From: Mark H Weaver <mhw@netris.org>
To: guile-devel@gnu.org
Subject: Re: [PATCH] Improve handling of Unicode byte-order marks (BOMs)
Date: Wed, 03 Apr 2013 07:47:41 -0400 [thread overview]
Message-ID: <87bo9vzvhe.fsf@tines.lan> (raw)
In-Reply-To: <87ip43zyf0.fsf@tines.lan> (Mark H. Weaver's message of "Wed, 03 Apr 2013 06:44:19 -0400")
[-- Attachment #1: Type: text/plain, Size: 262 bytes --]
Here's an improved version of the patch. Mainly it adds more tests.
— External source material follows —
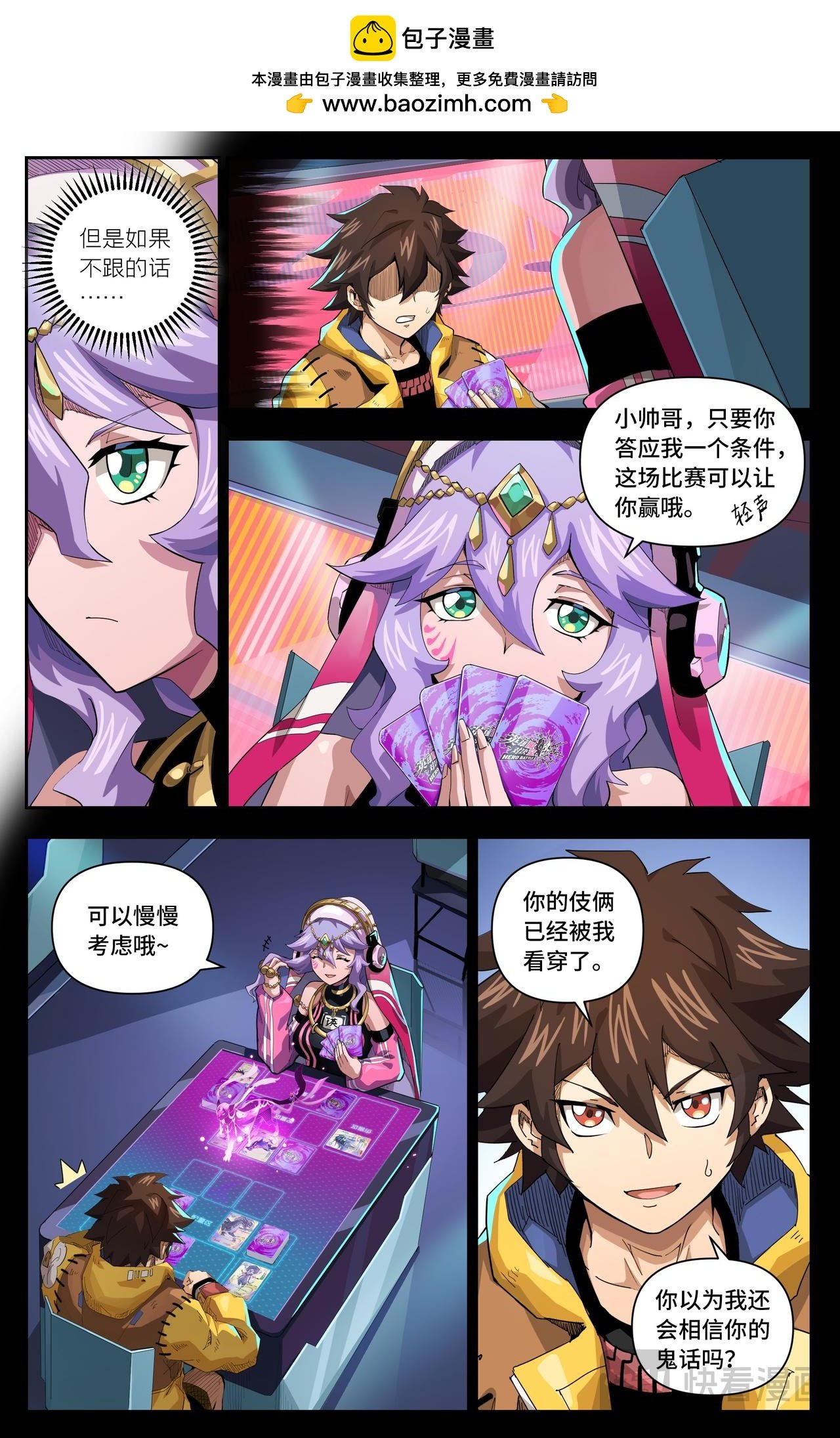 第57话 再入聚窟森（上）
Also, I forgot to mention that binary I/O does not affect the "start of
stream" flags at all. This is mainly for efficiency reasons, but even
so, I don't feel too badly about it.
Mark
[-- Warning: decoded text below may be mangled, UTF-8 assumed --]
[-- Attachment #2: [PATCH] Improve handling of Unicode byte-order marks (BOMs) --]
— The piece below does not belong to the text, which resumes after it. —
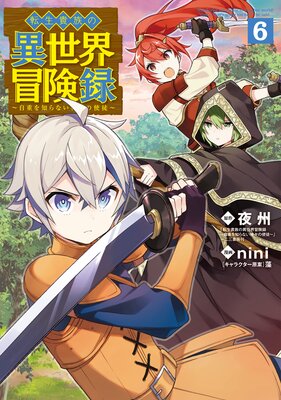転生貴族の異世界冒険録 6巻【Renta！限定特典付き】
[-- Type: text/x-diff, Size: 24215 bytes --]
From d8d37d5519ca61961b70cb3051ccca2be7d4affa Mon Sep 17 00:00:00 2001
From: Mark H Weaver <mhw@netris.org>
Date: Wed, 3 Apr 2013 04:22:04 -0400
Subject: [PATCH] Improve handling of Unicode byte-order marks (BOMs).
* libguile/ports-internal.h (struct scm_port_internal): Add new members
'at_stream_start_for_bom_read' and 'at_stream_start_for_bom_write'.
(SCM_UNICODE_BOM): New macro.
(scm_i_port_iconv_descriptors): Add 'mode' parameter to prototype.
* libguile/ports.c (scm_new_port_table_entry): Initialize
'at_stream_start_for_bom_read' and 'at_stream_start_for_bom_write'.
(get_iconv_codepoint): Pass new 'mode' parameter to
'scm_i_port_iconv_descriptors'.
(get_codepoint): After reading a codepoint at stream start, record
that we're no longer at stream start, and consume a BOM where
appropriate.
(scm_seek): Set the stream start flags according to the new position.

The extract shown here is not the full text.